Les massages qu’on vous prodigue dans les salons de coiffure de Shanghai s’inspirent du tuina, c’est à dire de l’acupressure, une technique de massage taôiste basée sur la pression de certains points, appelés méridiens, entre lesquels circulent des flux d’énergie qu’il convient de canaliser de manière positive. Dernièrement, j’ai profité du passage de notre masseur acupuncteur à la maison pour lui de-mander ce qu’il en pensait. Il m’a répondu en rigolant qu’il n’était allé qu’une seule fois dans sa vie dans un de ces salons et que ces masseuses n’avaient strictement aucune technique du point de vue médical. Cela m’a un peu déçu, même si je m’en doutais un peu. Selon lui, la seule vocation de ces jolies masseuses est uniquement de soutirer un peu plus d’argent au client. Bon, tant pis : on n’y va de toute manière pas pour se faire soigner, n’est-ce pas?

Mais attention, achtung ! On n’est pas en Thaïlande, ici. Shanghai n’est pas Bangkok. Pas question donc de se faire tirlipoter le bigoudi farceur durant le massage. Encore que … Il y a quelques jours, j’ai lu dans le Shanghai Star que 160 salons de coiffures venaient d’être fermés récemment à Pudong (nouvelle zone prestigieuse de développement de Shanghai, grande comme Singapour !) parce que, je cite: « ils prodiguaient des services immoraux et incompatibles avec ceux d’un salon de coiffure normal ». Dans le même ordre d’idée, il y a quelques jours, nous étions bloqués à un carrefour avec la voiture. Il y avait une descente de police précisément dans un salon de coiffure. J’ai demandé au chauffeur ce qu’il se passait et elle m’a expliqué que c’était fréquent dans ce genre de petits salons de coiffure de la périphérie. Ce sont en fait des maisons de prostitution déguisées, m’a-t-elle dit,… Elle a ajouté, presque tout bas, comme si quelqu’un aurait pu l’entendre : « La mafia de Wenzhou »!

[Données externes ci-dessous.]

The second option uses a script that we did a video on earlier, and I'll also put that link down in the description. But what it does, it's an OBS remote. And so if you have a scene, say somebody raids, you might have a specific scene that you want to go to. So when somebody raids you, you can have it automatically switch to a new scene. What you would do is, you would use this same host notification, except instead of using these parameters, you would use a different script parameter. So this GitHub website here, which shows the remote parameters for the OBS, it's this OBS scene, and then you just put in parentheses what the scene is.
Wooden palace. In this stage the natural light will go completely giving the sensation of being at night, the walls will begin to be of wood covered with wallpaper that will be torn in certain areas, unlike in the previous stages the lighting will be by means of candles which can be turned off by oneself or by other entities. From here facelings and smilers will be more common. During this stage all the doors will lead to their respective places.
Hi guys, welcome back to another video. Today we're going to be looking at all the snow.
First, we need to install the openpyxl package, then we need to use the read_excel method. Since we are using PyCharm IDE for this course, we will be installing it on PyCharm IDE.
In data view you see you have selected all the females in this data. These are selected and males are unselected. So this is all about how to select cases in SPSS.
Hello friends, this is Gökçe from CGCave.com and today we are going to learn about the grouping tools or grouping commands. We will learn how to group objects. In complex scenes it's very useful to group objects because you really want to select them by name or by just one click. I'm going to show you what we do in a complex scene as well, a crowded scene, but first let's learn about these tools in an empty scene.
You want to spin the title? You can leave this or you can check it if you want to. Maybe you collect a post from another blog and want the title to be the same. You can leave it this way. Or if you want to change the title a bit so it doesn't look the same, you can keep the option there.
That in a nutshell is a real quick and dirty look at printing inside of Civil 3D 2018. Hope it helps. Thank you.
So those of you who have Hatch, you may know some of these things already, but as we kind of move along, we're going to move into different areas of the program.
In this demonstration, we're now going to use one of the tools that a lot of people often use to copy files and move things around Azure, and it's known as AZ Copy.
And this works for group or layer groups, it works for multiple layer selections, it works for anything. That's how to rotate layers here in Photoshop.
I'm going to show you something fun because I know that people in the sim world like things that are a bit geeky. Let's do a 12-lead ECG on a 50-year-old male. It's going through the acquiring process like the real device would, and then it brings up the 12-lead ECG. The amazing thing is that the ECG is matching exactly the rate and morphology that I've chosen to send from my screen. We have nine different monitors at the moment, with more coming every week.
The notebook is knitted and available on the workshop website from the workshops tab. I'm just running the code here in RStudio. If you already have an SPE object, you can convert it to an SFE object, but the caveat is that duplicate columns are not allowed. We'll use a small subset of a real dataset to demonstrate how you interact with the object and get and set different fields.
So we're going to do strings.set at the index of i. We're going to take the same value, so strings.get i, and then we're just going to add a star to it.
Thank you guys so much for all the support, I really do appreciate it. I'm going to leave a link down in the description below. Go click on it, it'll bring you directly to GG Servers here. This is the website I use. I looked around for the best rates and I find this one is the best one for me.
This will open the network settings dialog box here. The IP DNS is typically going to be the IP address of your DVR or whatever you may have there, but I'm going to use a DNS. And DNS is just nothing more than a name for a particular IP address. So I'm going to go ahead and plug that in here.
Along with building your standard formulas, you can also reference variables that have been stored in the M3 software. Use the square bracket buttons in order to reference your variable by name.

Un ami, dont je tairai le nom, et qui est très au courant de toutes ces choses, m’a confirmé que c’était effectivement fréquent dans certains salons de coiffure. D’après lui, dans ce genre de salons et pour passer à des choses plus sérieuses, il faut demander « où se trouve la porte de derrière ». C’est une phrase-clé, un sésame, une sorte de mot de passe. J’ai trouvé cela à la fois poétique et amusant, bref tellement chinois. C’est quand même extraordinaire ce pays où tout fonctionne par code, par métaphore, par énigme. Bref! Un soir de sortie, j’ai cru bon de refiler le tuyau à une personne de rencontre dans un bar, un ami d’un ami. Il m’a appelé quelques jours plus tard au bureau. Il fulminait à l’autre bout du fil. Il disait que la fille à qui il avait déclamé la phrase-Sésame l’avait regardé hébétée, lui avait fait répéter trois fois, puis interloquée l’avait conduit dans une cour intérieure, non sans lui préciser que s’il devait aller à la toilette, il y en avait une dans l’établissement prévue à cet effet. La honte! Heureusement je ne l’ai plus revu depuis et j’en parle d’autant plus à mon aise aujourd’hui qu’il a quitté la Chine. N’empêche, cela m’apprendra à rendre service…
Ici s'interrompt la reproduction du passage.